Friday, February 16, 2018

Footnote On The Mornings Post

It's interesting to consider that it was the male children who were subject to infanticide, a common practice all through the Pagan world but more often, than not, inflicted on girls.  This quote is taken from Chapter 1 of The Historical Jesus by John Dominic Crossan, it is so specific that Crossan can date it to June 18, 1 BCE:

Hilarion to his sister Alis many greetings, likewise to my lady Berous and to Apollonarion.  Know that we are even yet in Alexandria.  Do not worry if they all come back (except me) and I remain in Alexandria.  I urge and entreat you, be concerned about the child and if I should receive my wages soon, I will send them up to you.  If by chance you bear a son, if it is a boy, let it be, if it is a girl, cast it out [to die].  You have said to Aphorodiasias,  "Do not forget me."  How can I forget you?  Therefore I urge you not to worry. (Year) 29 of Caesar [Augustus] Panyi 23.  

That was a note found on a sheet of papyrus dug up in Egypt.  You can see from much more than a thousand years after the Exodus narrative, infanticide was routine and ordered in passing in a note.

The Jews were pretty close to unique in not sanctioning routine infanticide for either gender.  I've heard people going on about the non-sacrificing of Isaac and even, among some of the more informed of the uninformed, the story of Jephthah's daughter.  If I've ever heard any of them mention the common, everyday practice of infanticide in the surrounding peoples, especially the routine murder of daughters, except as in the case of such as Darwin and Haeckel who claimed that it had salubrious effects on the ever more superior survivors, it escapes my remembering it.

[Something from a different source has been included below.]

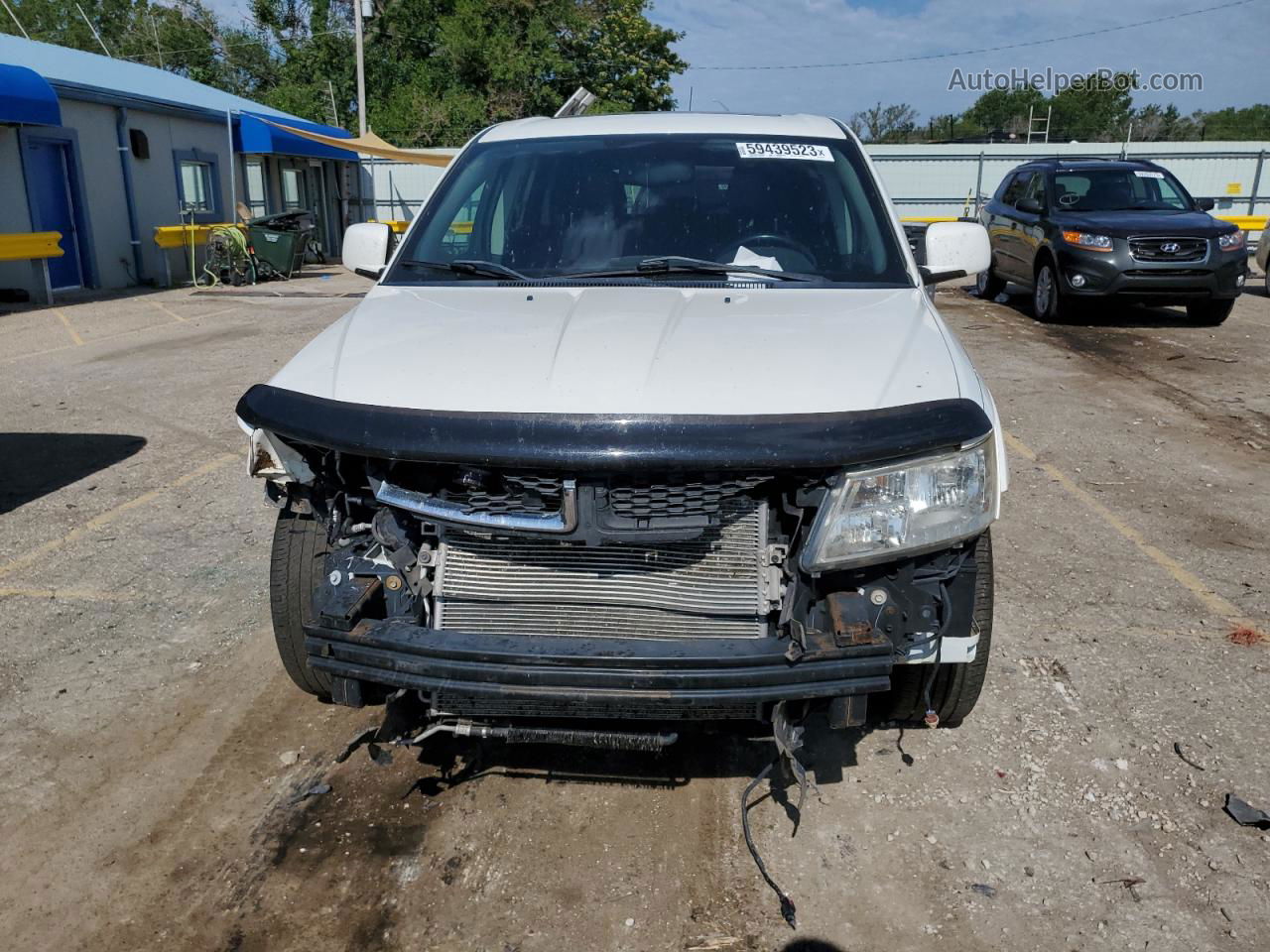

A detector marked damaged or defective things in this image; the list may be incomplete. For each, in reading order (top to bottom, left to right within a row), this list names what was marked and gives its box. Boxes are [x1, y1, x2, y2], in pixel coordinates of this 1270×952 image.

damaged front end [236, 383, 990, 726] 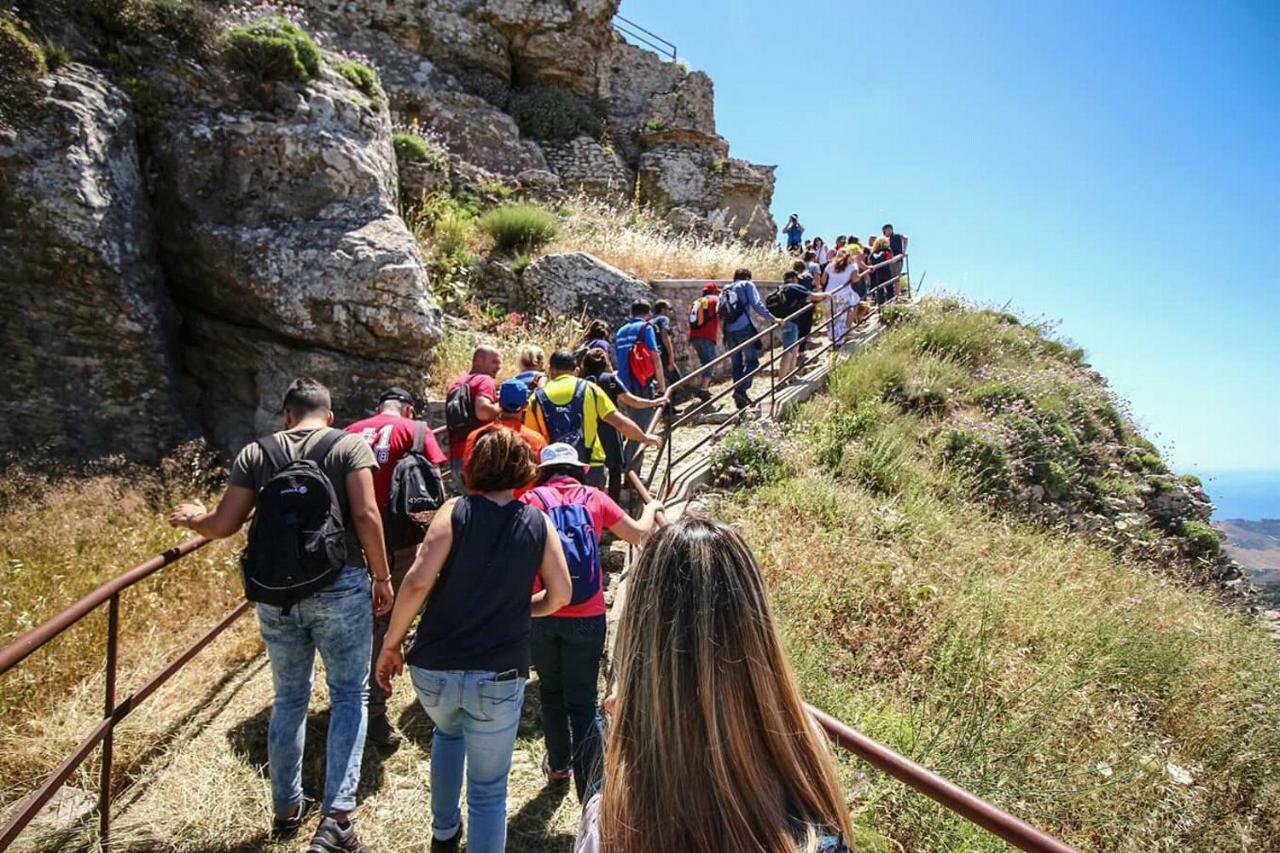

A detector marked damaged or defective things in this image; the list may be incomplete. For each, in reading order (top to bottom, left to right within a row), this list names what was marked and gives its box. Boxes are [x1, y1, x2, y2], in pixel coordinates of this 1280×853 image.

rusty handrail [803, 701, 1075, 850]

Crossan's scholarship is wonderfully impressive and insightful, he has had a huge effect on my thinking about Christianity even as I find his conclusions in The Historical Jesus about the teachings of Jesus, his nature and identity and even his history to be unconvincing and, in many ways, beside the point.   I sense that, in some ways, it's a dated kind of scholarship that scrupulously applies methods that reduce the texts of their meaning and in opposition to the understandings and intentions of those who wrote them.  I find his reading of the papyri dug up to be much more sympathetic than his reading of the canonical scriptures.

You could contrast the popular and mid-to high brow intelligentsia's acceptance of that with a critical reading of 19th century biology which was written under a similar if not identical understanding and intention of methods but when you apply that to Darwin and those he cited, his immediate intellectual heirs (and even his actual heirs, his sons, daughters and grandchildren) the howls of protest are something to behold.